[PR #3767] [MERGED] Book query optimizations #4075

Closed
opened 2026-04-25 00:18:13 +02:00 by adam · 0 comments
Owner

📋 Pull Request Information

Original PR: https://github.com/advplyr/audiobookshelf/pull/3767
Author: @mikiher
Created: 1/1/2025
Status: Merged
Merged: 1/1/2025
Merged by: @advplyr

Base: masterHead: book-query-optimizations


📝 Commits (3)

📊 Changes

4 files changed (+90 additions, -3 deletions)

View changed files

📝 server/migrations/changelog.md (+1 -0)
server/migrations/v2.17.7-add-indices.js (+83 -0)
📝 server/models/Book.js (+3 -3)
📝 server/models/LibraryItem.js (+3 -0)

📄 Description

Brief summary

This adds indices to significantly improve database library query time when sorting by size or duration.

Which issue is fixed?

There's no issue. I encountered this while working on PR #3726.

In-depth Description

The following query in libraryItemsBookFilters.js is where most of books fetch time is spent and its performance heavily depends on sortOrder. When fast scrolling on the library page happens, this can lead to choking on the server if a number of page requests are handled concurrently.
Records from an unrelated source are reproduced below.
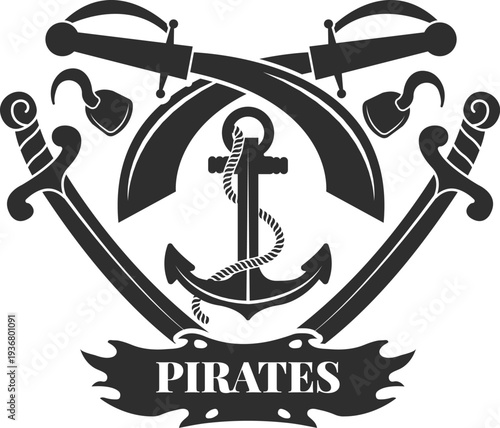 Vintage pirate emblem. Crossed weapons black logo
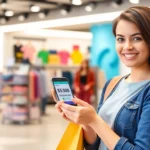 Robust Rabattkoder display on phone screen with shopping cart and discounts, guiding users to
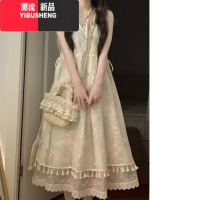 YIBUSHENG2024新款碎花度假风吊带连衣裙+头巾+蕾丝网纱罩衫裙三件套女季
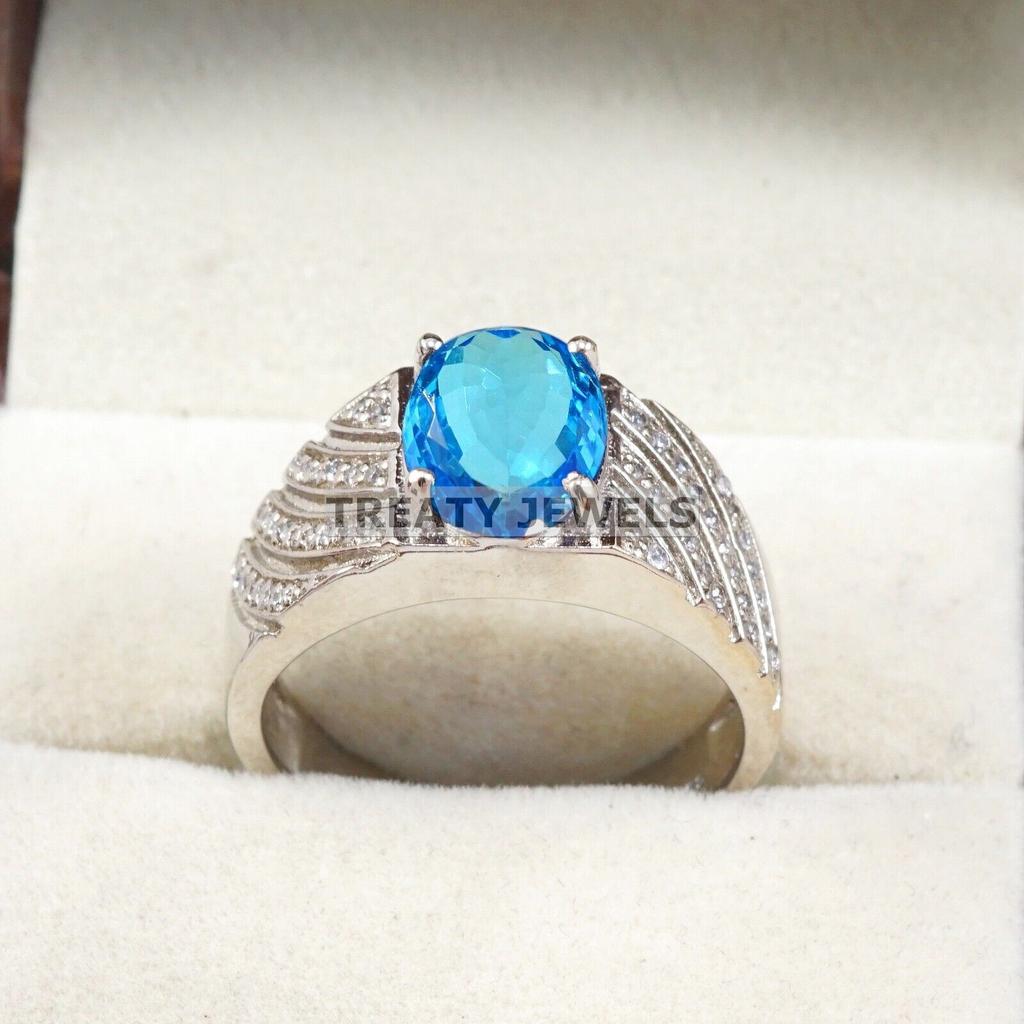 Blue Topaz Oval Cut Gemstone With 925 Sterling Silver Ring For Men's #A904 JL375669070751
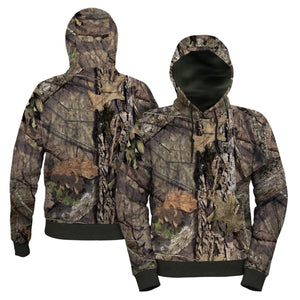 Front and back view of a long sleeve hoodie featuring a brown and green forest tree bark camouflage pattern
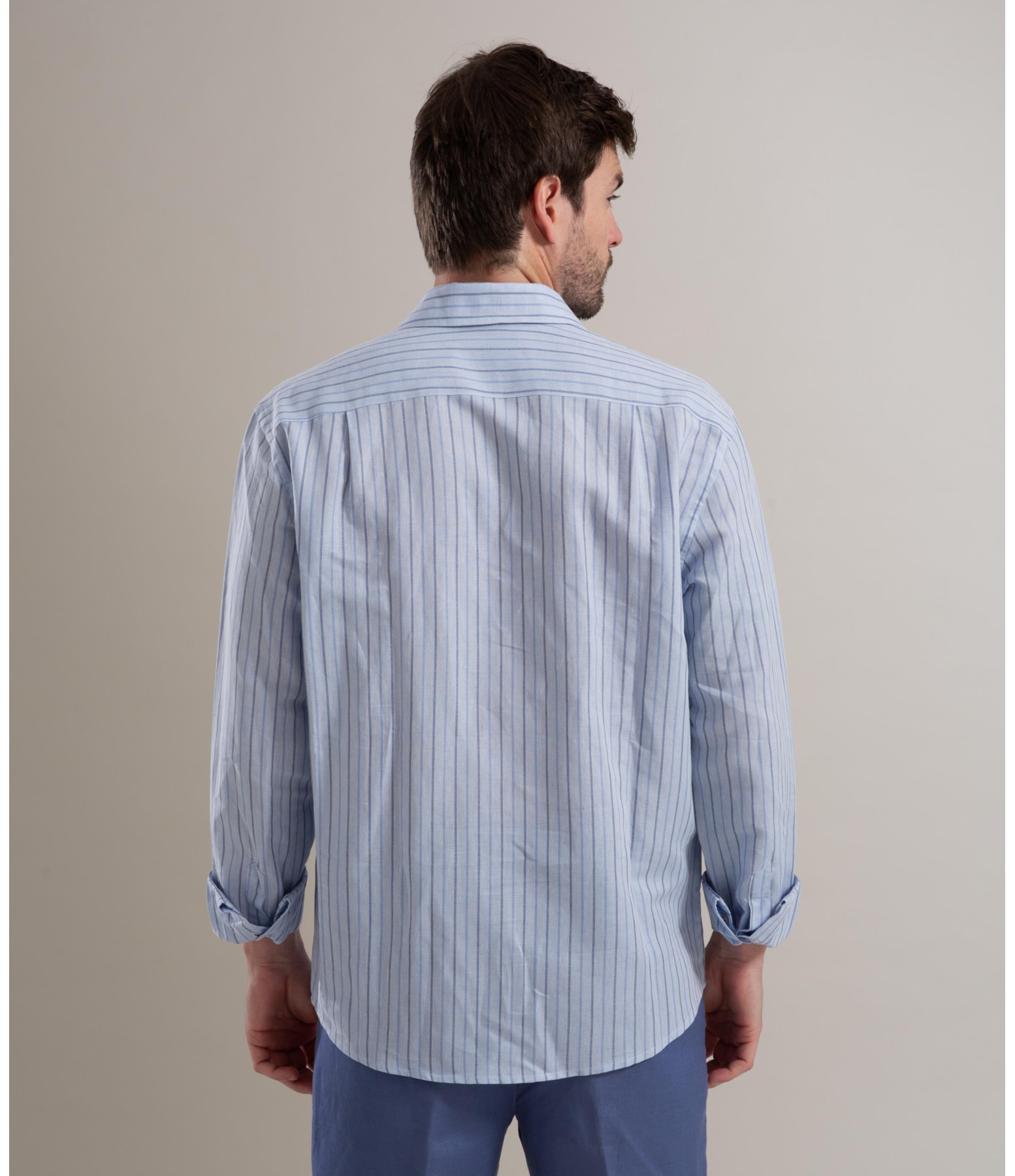 Camisa Linho  Heitor Azul Pervante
    const { rows: books, count } = await Database.bookModel.findAndCountAll({
      where: bookWhere,
      distinct: true,
      attributes: bookAttributes,
      replacements,
      include: [
        {
          model: Database.libraryItemModel,
          required: true,
          where: libraryItemWhere,
          include: libraryItemIncludes
        },
        seriesInclude,
        authorInclude,
        ...bookIncludes
      ],
      order: sortOrder,
      subQuery: false,
      limit: limit || null,
      offset
    })

I fixed a couple of the easy cases by introducing indices on size and duration.
This leads to a significant improvement in the query performance when paging through the library with sortBy size or duration.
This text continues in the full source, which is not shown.